You can reduce physical suffering, but what about mental suffering? Would you want everybody to take a drug that will make them perpetually "high"?


What's the end goal of this remark? What's the end goal of learning to farm and produce food even when the weather and pest gods don't bless you this year? What's the end goal of learning to heat your hut instead of dying every winter?


Why can't you cheat death? Excluding accidents and the like.


Because it will utterly end all societal development.

Imagine if fucking Ghengis Khan never had to die.

Or Henry Kissinger.

Or Carnegie

Our system is struggling under the immense weight of old leaders and the best they can do is pump themselves full of weird drug cocktails to have some semblance of being alive. Imagine removing the last roadblock to eternal life for the richest human alive.


People would develop in different ways if they could live to be 1000. It would hardly end societal development. I imagine education would be a bigger deal, since you'd be in less of a hurry to get on with life at 18. Families would be larger as more generations were included, which could create more nurturing and supportive environments for at-risk children. You'd also have fewer trust fund babies living off of the inheritance from a dead relative. And the sheer amount of brainpower and life experience we lose every time a 90 year old dies is depressing; science, technology, and literature could all benefit from people living longer.
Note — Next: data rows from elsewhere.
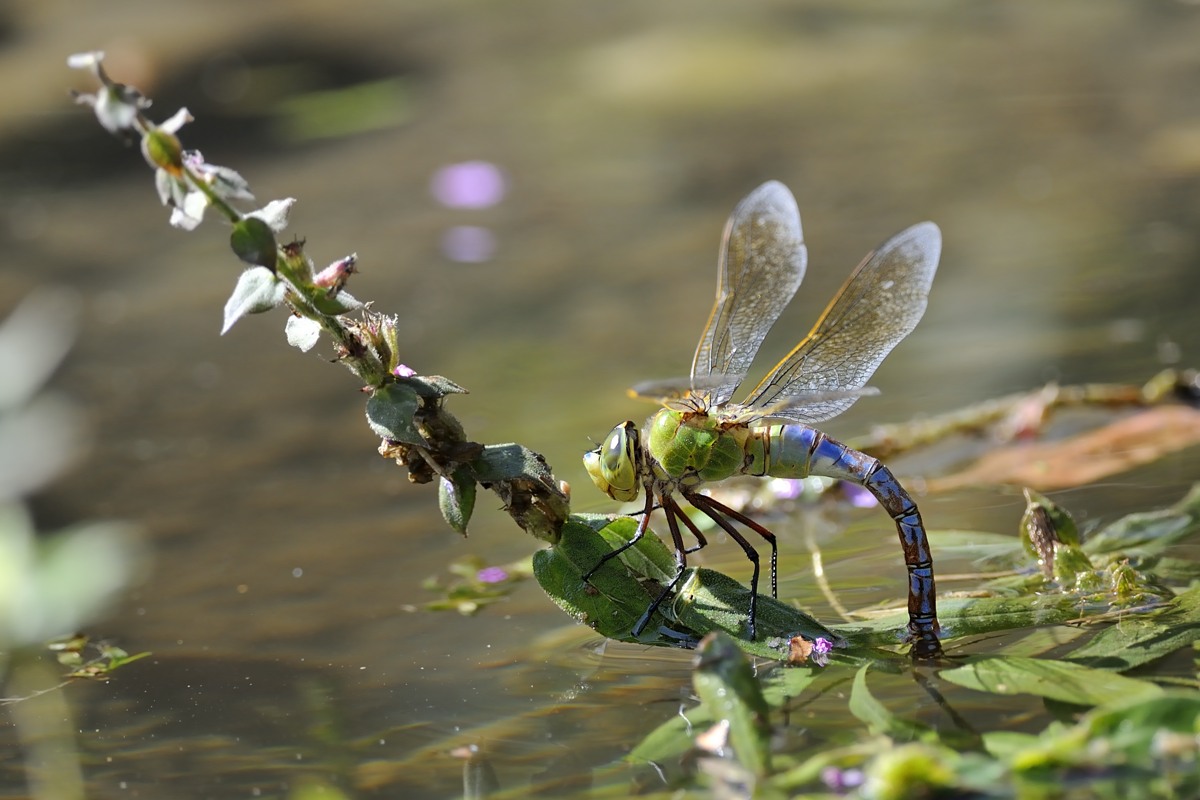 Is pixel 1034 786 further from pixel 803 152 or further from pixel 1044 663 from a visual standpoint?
pixel 803 152

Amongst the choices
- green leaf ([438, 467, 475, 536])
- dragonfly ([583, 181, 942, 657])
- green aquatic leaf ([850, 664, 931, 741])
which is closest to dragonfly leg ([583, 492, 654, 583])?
dragonfly ([583, 181, 942, 657])

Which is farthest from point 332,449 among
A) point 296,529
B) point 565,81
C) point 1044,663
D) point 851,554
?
point 565,81

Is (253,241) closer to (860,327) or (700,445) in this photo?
(700,445)

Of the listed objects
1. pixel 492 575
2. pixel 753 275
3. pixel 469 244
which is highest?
pixel 469 244

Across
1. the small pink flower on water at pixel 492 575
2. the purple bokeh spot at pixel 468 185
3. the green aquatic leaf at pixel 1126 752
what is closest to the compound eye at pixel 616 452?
the small pink flower on water at pixel 492 575

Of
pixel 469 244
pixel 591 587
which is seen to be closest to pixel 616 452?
pixel 591 587

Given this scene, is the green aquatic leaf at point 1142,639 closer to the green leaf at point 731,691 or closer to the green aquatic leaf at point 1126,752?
the green aquatic leaf at point 1126,752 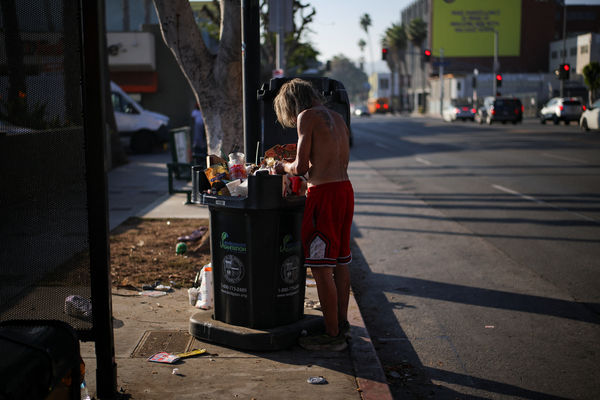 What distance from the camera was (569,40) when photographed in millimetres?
82312

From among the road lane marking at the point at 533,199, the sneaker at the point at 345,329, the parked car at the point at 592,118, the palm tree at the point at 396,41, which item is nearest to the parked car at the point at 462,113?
the parked car at the point at 592,118

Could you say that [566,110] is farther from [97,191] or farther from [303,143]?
[97,191]

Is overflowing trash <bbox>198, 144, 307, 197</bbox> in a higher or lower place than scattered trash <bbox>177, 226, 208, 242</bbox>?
higher

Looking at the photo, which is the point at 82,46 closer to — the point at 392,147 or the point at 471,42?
the point at 392,147

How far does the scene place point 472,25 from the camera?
3698 inches

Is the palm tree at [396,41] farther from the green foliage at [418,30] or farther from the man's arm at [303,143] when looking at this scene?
the man's arm at [303,143]

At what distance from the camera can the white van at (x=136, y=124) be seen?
23.5 meters

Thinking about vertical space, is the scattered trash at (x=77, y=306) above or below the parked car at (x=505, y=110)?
below

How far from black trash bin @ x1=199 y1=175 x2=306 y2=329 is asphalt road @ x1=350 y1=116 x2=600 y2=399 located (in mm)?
893

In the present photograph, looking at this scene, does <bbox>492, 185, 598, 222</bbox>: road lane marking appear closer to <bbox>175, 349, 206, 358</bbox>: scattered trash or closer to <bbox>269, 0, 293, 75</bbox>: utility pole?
<bbox>269, 0, 293, 75</bbox>: utility pole

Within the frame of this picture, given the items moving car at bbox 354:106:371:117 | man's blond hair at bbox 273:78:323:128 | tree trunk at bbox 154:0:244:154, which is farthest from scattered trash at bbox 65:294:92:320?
moving car at bbox 354:106:371:117

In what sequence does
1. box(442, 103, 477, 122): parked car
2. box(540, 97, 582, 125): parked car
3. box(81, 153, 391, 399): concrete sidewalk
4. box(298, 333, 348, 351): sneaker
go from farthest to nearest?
box(442, 103, 477, 122): parked car, box(540, 97, 582, 125): parked car, box(298, 333, 348, 351): sneaker, box(81, 153, 391, 399): concrete sidewalk

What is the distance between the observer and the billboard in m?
92.9

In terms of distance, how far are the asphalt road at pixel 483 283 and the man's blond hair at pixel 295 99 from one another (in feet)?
6.15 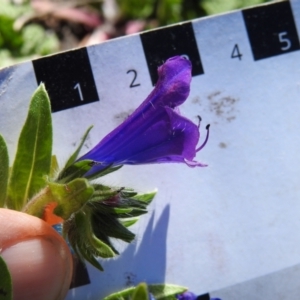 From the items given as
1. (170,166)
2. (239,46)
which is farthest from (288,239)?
(239,46)

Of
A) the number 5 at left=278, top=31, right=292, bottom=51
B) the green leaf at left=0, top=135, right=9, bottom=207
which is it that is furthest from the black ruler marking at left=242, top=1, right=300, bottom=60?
the green leaf at left=0, top=135, right=9, bottom=207

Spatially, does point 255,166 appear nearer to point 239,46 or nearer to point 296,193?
point 296,193

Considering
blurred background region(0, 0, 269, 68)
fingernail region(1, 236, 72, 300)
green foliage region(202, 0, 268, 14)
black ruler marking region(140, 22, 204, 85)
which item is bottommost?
fingernail region(1, 236, 72, 300)

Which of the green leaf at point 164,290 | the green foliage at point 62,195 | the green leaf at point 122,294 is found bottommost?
the green leaf at point 164,290

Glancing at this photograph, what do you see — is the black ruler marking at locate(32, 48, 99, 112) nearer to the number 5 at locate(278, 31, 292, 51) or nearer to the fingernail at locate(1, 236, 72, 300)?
the fingernail at locate(1, 236, 72, 300)

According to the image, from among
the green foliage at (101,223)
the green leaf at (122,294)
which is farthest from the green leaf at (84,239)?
the green leaf at (122,294)

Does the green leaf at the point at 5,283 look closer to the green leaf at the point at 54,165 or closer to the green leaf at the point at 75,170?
the green leaf at the point at 75,170

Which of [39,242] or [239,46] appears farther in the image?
[239,46] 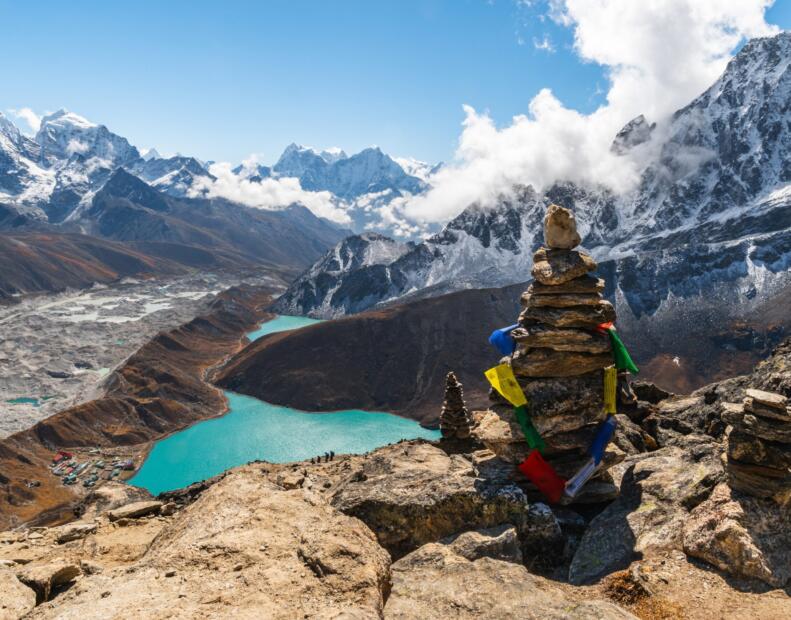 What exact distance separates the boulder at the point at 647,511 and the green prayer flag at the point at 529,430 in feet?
8.99

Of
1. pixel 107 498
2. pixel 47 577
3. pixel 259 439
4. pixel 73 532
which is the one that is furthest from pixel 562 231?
pixel 259 439

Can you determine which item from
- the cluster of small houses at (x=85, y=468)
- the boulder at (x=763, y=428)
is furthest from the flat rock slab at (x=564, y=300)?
the cluster of small houses at (x=85, y=468)

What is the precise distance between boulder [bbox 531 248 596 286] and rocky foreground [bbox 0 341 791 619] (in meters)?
6.33

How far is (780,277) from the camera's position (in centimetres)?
17012

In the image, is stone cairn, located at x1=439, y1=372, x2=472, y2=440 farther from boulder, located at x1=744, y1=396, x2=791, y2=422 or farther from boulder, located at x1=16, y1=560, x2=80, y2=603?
boulder, located at x1=16, y1=560, x2=80, y2=603

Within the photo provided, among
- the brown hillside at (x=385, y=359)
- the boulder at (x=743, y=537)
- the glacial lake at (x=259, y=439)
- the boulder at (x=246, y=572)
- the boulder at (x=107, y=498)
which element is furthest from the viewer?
the brown hillside at (x=385, y=359)

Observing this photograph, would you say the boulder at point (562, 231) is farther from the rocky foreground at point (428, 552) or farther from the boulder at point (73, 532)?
the boulder at point (73, 532)

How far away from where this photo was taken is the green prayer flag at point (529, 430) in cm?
1731

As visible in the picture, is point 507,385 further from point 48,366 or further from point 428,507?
point 48,366

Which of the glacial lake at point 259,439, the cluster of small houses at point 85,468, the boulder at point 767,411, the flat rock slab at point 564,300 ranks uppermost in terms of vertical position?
the flat rock slab at point 564,300

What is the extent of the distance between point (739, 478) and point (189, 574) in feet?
45.2

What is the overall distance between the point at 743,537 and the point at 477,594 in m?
6.73

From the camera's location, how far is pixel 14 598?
9719mm

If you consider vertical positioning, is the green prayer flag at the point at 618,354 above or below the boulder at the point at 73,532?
above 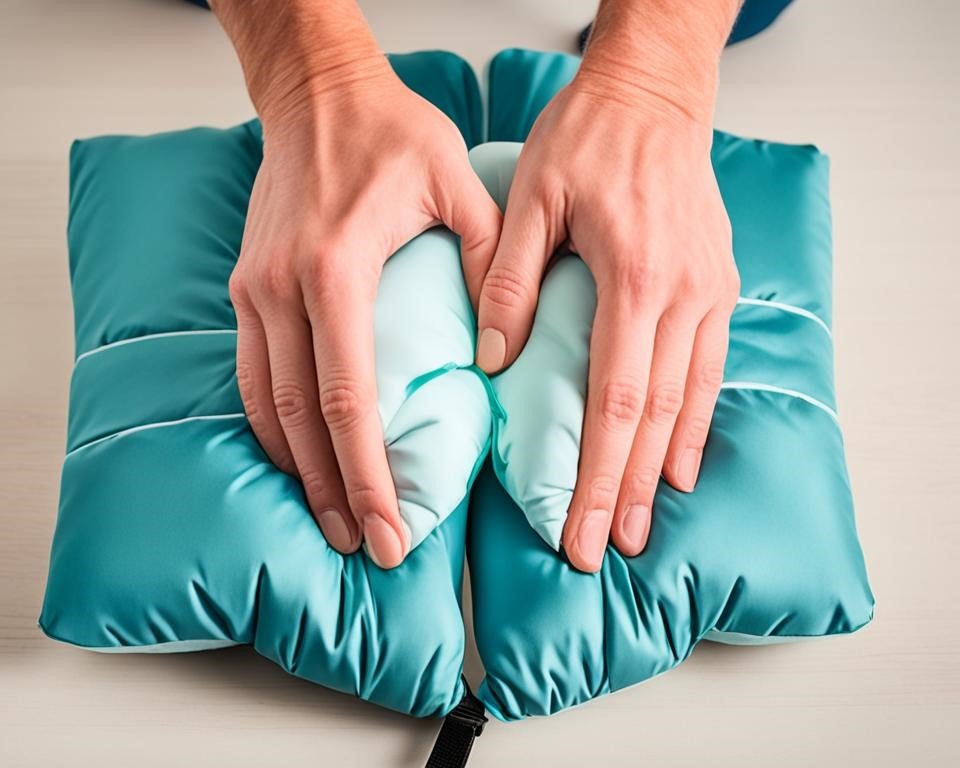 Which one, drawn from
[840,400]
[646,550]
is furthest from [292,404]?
[840,400]

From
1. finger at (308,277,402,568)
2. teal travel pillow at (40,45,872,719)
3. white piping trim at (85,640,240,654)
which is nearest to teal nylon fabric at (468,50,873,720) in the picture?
teal travel pillow at (40,45,872,719)

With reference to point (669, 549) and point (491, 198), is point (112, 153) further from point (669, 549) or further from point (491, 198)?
point (669, 549)

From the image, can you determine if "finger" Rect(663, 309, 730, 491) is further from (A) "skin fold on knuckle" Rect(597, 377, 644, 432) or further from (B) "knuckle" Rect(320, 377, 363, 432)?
(B) "knuckle" Rect(320, 377, 363, 432)

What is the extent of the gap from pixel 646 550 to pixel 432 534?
184 mm

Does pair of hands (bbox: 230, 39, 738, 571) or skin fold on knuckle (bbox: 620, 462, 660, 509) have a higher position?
pair of hands (bbox: 230, 39, 738, 571)

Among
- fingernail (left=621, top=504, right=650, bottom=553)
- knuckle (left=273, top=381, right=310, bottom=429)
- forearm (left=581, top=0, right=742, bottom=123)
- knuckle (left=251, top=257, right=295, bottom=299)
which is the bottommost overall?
fingernail (left=621, top=504, right=650, bottom=553)

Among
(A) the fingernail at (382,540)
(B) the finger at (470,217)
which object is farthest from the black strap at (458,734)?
(B) the finger at (470,217)

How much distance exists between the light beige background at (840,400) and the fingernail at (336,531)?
132 millimetres

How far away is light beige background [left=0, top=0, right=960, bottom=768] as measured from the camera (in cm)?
88

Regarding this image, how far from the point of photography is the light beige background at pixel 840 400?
0.88 metres

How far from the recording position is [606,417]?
2.81 ft

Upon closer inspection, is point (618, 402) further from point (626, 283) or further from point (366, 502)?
point (366, 502)

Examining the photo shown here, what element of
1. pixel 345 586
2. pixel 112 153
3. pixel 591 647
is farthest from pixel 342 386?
pixel 112 153

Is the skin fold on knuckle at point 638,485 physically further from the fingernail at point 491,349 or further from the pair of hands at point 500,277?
the fingernail at point 491,349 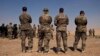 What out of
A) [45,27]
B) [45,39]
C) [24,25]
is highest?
[24,25]

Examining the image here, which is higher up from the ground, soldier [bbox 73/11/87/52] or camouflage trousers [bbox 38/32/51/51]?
soldier [bbox 73/11/87/52]

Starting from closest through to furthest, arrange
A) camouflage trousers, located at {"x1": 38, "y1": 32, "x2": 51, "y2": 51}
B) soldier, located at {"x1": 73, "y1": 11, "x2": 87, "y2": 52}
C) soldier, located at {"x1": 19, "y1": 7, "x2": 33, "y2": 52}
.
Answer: camouflage trousers, located at {"x1": 38, "y1": 32, "x2": 51, "y2": 51} < soldier, located at {"x1": 19, "y1": 7, "x2": 33, "y2": 52} < soldier, located at {"x1": 73, "y1": 11, "x2": 87, "y2": 52}

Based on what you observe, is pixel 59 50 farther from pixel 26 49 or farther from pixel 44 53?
pixel 26 49

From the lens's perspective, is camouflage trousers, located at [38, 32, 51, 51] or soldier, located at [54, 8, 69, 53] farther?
soldier, located at [54, 8, 69, 53]

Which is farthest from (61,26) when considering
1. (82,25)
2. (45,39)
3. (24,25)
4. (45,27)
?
(24,25)

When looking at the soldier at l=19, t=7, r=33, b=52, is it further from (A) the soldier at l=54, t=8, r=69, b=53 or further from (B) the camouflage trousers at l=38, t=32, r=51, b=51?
(A) the soldier at l=54, t=8, r=69, b=53

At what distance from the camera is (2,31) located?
32.7 m

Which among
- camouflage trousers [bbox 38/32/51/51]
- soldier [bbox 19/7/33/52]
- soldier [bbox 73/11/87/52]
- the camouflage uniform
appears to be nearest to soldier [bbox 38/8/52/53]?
camouflage trousers [bbox 38/32/51/51]

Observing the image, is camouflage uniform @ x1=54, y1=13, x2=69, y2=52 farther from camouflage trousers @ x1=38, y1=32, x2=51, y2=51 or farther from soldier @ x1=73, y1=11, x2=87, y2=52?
soldier @ x1=73, y1=11, x2=87, y2=52

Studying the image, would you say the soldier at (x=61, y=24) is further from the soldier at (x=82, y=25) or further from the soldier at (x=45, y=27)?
the soldier at (x=82, y=25)

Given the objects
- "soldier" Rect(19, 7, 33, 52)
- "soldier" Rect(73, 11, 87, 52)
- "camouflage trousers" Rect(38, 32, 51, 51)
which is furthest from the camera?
"soldier" Rect(73, 11, 87, 52)

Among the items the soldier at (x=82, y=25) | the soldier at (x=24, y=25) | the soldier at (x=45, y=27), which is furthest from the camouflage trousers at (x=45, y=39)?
the soldier at (x=82, y=25)

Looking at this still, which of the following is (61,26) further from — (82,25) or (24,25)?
(24,25)

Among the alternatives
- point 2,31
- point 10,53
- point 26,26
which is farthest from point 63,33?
point 2,31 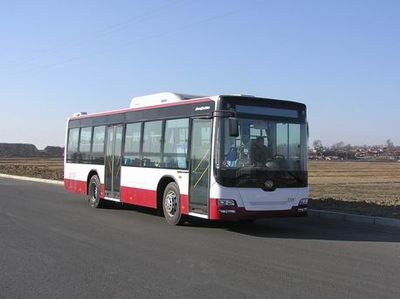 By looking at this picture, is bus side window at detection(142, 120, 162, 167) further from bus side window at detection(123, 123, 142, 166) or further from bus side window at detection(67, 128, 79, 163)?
bus side window at detection(67, 128, 79, 163)

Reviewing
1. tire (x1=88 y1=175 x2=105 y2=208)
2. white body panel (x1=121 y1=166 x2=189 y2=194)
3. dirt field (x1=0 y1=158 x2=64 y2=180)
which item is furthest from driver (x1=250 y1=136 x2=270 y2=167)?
dirt field (x1=0 y1=158 x2=64 y2=180)

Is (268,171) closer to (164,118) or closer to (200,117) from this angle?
(200,117)

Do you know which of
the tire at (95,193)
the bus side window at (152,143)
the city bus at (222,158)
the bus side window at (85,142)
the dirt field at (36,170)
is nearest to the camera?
the city bus at (222,158)

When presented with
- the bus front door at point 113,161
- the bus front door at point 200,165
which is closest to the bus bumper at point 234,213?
the bus front door at point 200,165

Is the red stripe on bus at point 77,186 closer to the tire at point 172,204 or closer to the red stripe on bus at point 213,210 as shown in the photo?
the tire at point 172,204

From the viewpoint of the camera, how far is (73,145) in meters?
19.9

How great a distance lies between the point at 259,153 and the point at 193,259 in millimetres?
3783

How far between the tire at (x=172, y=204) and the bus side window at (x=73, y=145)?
6.70 m

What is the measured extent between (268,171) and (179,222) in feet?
8.22

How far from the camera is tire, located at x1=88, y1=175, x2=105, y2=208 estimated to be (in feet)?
57.6

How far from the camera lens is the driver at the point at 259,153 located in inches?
479

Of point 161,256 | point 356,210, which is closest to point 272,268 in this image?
point 161,256

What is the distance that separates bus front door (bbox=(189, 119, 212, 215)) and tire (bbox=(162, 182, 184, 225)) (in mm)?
622

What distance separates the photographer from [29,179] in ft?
115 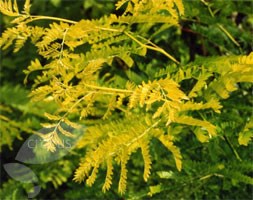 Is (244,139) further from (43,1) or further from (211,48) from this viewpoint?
(43,1)

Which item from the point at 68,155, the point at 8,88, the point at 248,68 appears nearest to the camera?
the point at 248,68

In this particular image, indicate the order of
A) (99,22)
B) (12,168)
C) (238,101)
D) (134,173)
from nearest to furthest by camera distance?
(99,22)
(238,101)
(134,173)
(12,168)

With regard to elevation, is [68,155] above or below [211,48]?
below

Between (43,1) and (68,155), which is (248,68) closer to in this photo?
(68,155)

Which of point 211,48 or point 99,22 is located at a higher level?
point 99,22

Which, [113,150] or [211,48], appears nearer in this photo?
[113,150]

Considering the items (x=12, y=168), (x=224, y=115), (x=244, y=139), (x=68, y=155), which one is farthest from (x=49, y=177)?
(x=244, y=139)

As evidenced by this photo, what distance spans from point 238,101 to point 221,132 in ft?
→ 0.76

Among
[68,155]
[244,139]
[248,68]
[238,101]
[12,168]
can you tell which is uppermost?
[248,68]

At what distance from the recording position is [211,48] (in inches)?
78.0

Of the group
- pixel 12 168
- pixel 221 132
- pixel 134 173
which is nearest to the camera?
pixel 221 132

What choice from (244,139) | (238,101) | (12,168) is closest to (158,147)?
(238,101)

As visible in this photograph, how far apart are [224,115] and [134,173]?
62 cm

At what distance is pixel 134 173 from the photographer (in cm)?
187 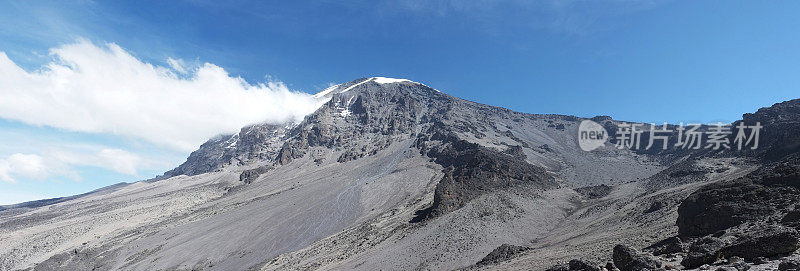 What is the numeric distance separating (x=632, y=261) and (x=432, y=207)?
143 ft

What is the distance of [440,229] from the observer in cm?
4709

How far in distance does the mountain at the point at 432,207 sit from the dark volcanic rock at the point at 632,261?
8cm

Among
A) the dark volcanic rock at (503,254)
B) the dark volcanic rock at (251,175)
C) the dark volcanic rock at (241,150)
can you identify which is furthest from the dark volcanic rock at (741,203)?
the dark volcanic rock at (241,150)

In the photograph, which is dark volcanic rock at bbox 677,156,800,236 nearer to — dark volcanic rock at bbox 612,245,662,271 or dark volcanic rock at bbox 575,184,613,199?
dark volcanic rock at bbox 612,245,662,271

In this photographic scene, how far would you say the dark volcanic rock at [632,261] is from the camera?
1465cm

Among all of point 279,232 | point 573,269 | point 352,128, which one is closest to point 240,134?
point 352,128

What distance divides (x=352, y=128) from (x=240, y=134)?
2258 inches

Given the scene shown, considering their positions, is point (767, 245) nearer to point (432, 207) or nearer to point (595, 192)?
point (432, 207)

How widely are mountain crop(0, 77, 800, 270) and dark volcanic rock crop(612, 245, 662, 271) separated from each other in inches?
3.0

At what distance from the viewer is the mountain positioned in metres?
26.9

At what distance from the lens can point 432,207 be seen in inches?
2280

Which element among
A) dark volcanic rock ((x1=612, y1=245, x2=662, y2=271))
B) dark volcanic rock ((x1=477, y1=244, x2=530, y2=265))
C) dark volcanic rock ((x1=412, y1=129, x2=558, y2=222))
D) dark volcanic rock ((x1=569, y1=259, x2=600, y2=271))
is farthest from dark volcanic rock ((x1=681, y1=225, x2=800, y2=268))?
dark volcanic rock ((x1=412, y1=129, x2=558, y2=222))

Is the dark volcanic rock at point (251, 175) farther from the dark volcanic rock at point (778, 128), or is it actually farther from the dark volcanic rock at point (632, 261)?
the dark volcanic rock at point (632, 261)

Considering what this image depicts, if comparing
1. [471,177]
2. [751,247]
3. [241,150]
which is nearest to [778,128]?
[471,177] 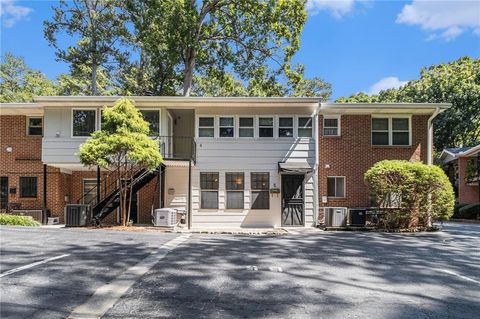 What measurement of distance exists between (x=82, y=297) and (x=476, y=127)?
120 ft

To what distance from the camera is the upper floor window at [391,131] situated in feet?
58.3

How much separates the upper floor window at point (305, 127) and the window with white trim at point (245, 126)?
6.16 ft

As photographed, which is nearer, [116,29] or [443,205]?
[443,205]

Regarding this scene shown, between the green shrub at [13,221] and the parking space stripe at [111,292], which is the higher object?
the parking space stripe at [111,292]

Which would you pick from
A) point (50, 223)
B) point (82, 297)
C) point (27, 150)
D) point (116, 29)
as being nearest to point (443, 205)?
point (82, 297)

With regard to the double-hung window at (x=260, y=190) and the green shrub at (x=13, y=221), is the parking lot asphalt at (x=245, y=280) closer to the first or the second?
the green shrub at (x=13, y=221)

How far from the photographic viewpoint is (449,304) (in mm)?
5340

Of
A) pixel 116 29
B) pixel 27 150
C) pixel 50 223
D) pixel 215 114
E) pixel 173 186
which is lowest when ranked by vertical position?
pixel 50 223

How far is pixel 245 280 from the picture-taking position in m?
6.24

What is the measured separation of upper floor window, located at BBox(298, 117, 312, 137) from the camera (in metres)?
17.4

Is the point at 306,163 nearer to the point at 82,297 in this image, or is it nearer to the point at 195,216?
the point at 195,216

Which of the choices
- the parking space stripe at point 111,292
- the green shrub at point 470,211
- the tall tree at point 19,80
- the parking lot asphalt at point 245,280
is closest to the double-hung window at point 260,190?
the parking lot asphalt at point 245,280

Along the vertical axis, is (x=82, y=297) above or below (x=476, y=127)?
below

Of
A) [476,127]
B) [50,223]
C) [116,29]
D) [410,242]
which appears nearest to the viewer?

Even if you solve for immortality, that wouldn’t mean you will have solved all of the medical ills of humanity.

We might be able to “cheat death” within our lifetimes.


Why does there have to be an end goal? Why cant things just do the thing they do?


This attitude matches how my friends in medicine think. There's a thing causing suffering. Can we get better at preventing our treating it?


What is the purpose of this question? "Yeah sure, we're fixing people's problems that cause pain, suffering, loss of productivity, death, etc, but what is the ultimate goal?"

Sometimes the ends are the means.


I mean... Let's cure cancer and then worry about the end goal.